La poétesse britannique Stevie Smith, plus connue pour l’œuvre Not Waving But Drowning (publiée en 1957), est représentée par une série de cols de chemise blancs, pour exprimer la répétitivité délibérée de ses vêtements et de son travail. « Il y a quelque chose dans la similitude qui lui a permis », dit Parker à propos de Smith, décédé en 1971. « Nous voulions réfléchir à la différence dans la similitude et aux parallèles entre les lignes poétiques et les rythmes vestimentaires. » Pendant ce temps, la poétesse américaine Brooks est célébrée pour ses observations sur les vêtements dans son travail, avec une installation en papier et en tissu de son poème de 1945 The Sundays of Satin-Legs Smith.

La recréation du caftan de Lorde est la présence la plus puissante du spectacle – son impression asymétrique à la main soulignant délibérément sa poitrine droite, après sa mastectomie en 1978. « Elle a pris la décision très consciente de ne pas porter de prothèse », explique Oliver, « pour défier les normes de l’époque et aller à l’encontre des conseils de divers médecins et visiteurs de santé.

Lorde a souvent écrit sur les vêtements, comme les codes vestimentaires des bars lesbiens de New York des années 1950 décrits dans son livre de 1982 Zami: A New Spelling of My Name , bien qu’elle l’ait rarement fait dans sa poésie. « Il y a ce sentiment simple pour elle que, bien sûr, les vêtements sont essentiels à la façon dont je suis dans le monde », explique Oliver. « Elle écrit tout le temps sur les vêtements dans le cadre de son projet de refaire le monde dans une image qui ferait de la place pour une lesbienne noire handicapée. »

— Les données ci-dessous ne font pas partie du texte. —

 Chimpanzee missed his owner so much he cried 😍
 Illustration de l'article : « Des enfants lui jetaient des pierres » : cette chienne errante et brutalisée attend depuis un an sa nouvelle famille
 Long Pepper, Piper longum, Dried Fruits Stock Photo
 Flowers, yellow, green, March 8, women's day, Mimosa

L'image Aveugle Voix (1975) de Theresa Hak Kyung Cha est visible dans l'exposition Poets in Vogue.
L’image Aveugle Voix (1975) de Theresa Hak Kyung Cha est visible dans l’exposition Poets in Vogue. Photographie: Trip Callaghan

Quant à la jupe de Plath : « Nous avons été ambivalents à propos de l’inclusion de Plath », dit Parker, « sans entrer dans aucun des mythes incroyablement chargés. Nous voulions le garder très minimal et laisser la jupe parler d’elle-même. Ce que cette jupe dit est guindé, soigné, poli, étouffé.

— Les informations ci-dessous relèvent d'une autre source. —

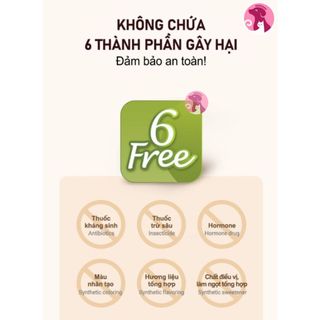 Thức ăn hạt cho mèo con - ANF Kitten 2kg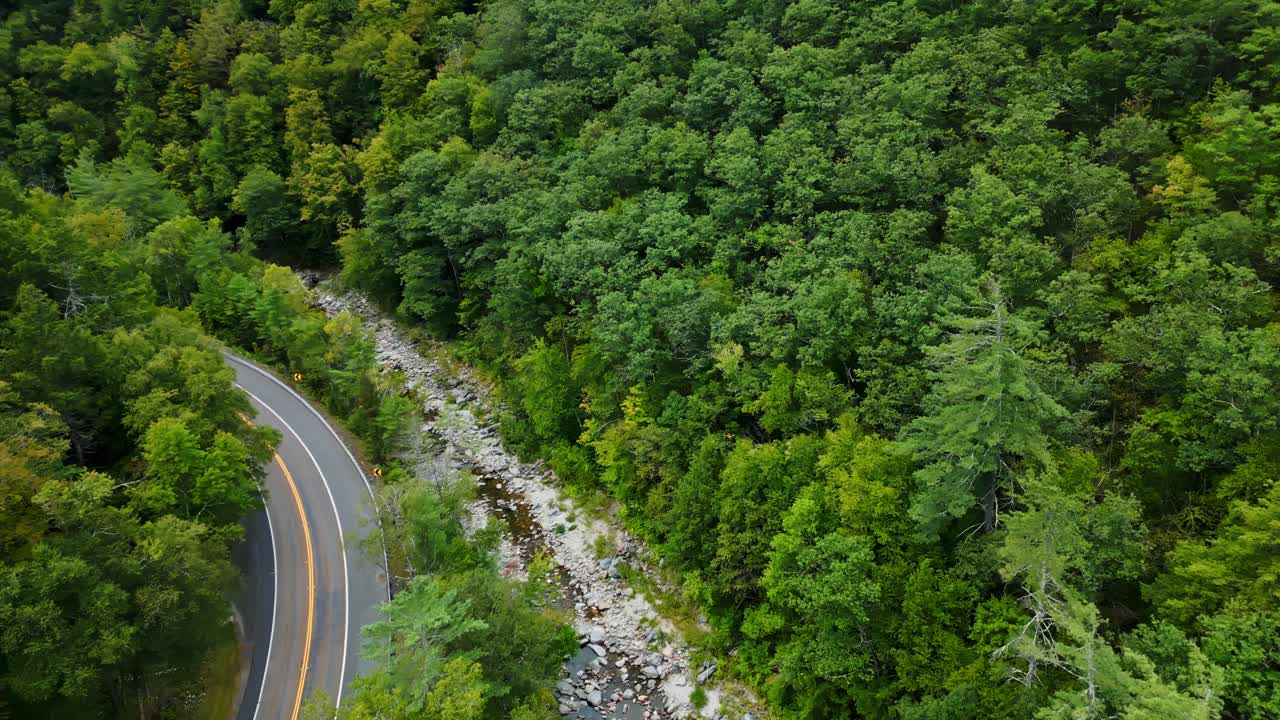 Winding road through lush green forest along Mohawk Trail, Massachusetts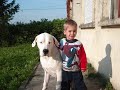 dogue argentin Tyson dogue argentin Tyson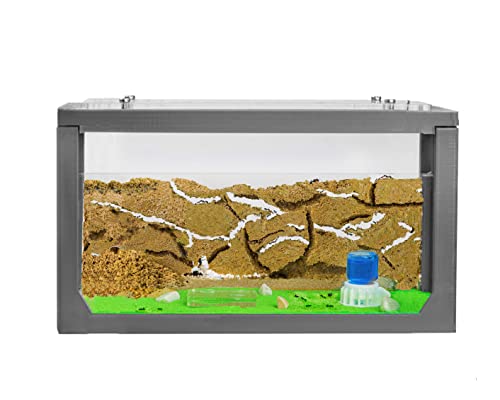 AntHouse - 3D Sand Ant Hill | Grey Starter Kit 7.87 x 3.94 x 3.94 in | Ant Farm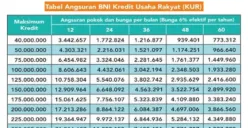 Dengan suku bunga rendah, tenor fleksibel, serta proses pengajuan yang relatif mudah, KUR BNI 2025 menawarkan kemudahan bagi masyarakat dalam memperoleh pinjaman hingga Rp50 juta. (Sumber: Poskota/Dadan Triatna)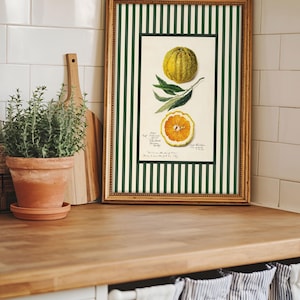 Botanical orange print in ornate gold frame resting on a wooden kitchen counter next to a potted herb. Blends vintage botanical style with rustic farmhouse kitchen decor.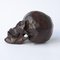 Bronze Skull Sculpture, Image 4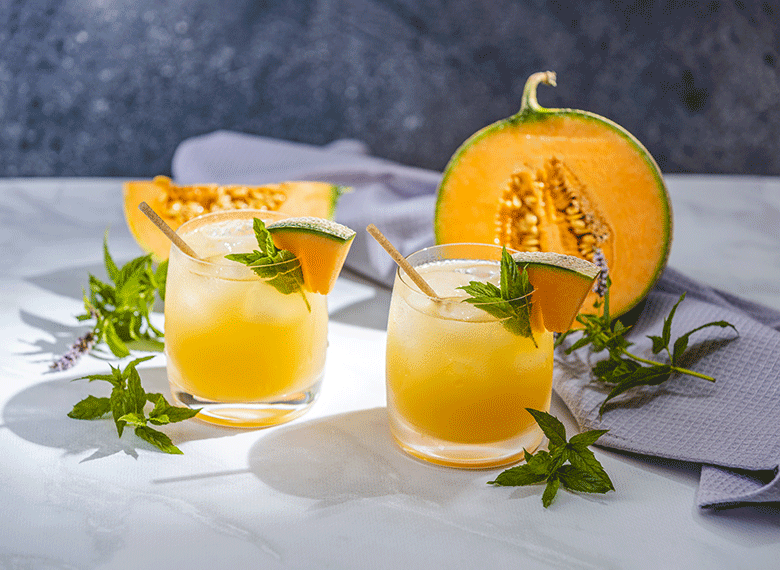 Ventray USA | Best Masticating Juicer | Ginnie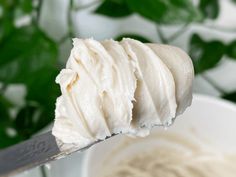 a close up of a spoon with cream on it and leaves in the back ground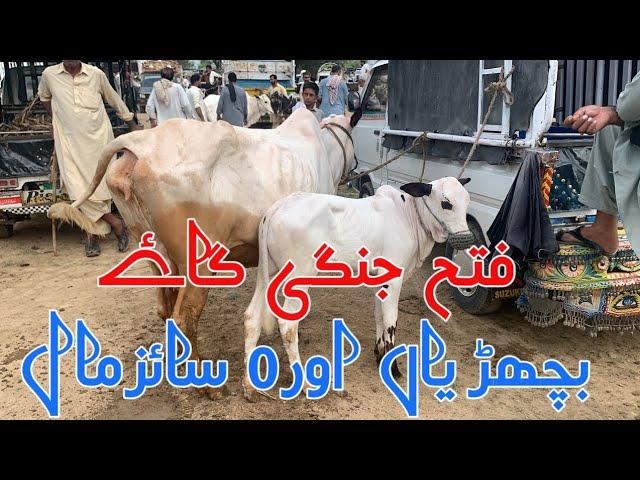 domail mandi 2024 latest update ll Dhani cows ll 0 size mall ll jamil tv ll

Comme l’explique la co-commissaire Sophie Oliver : « Avec les femmes, il est possible de changer un peu le récit, de montrer à quel point les vêtements sont cruciaux pour le travail et certaines des choses qu’elles pensent à travers leur travail. »

Les commissaires se sont rapprochés de leurs sujets au cours des cinq années qui ont suivi la création de l’émission (l’ouverture a été retardée par la pandémie). C’est une émotion présente dans les œuvres qu’ils ont créées. « Les poètes vont me manquer », dit Werner. « Je vais tout rater. »

Poets in Vogue est à la National Poetry Library, Royal Festival Hall, Londres SE1, jusqu’au 25 juin 2023.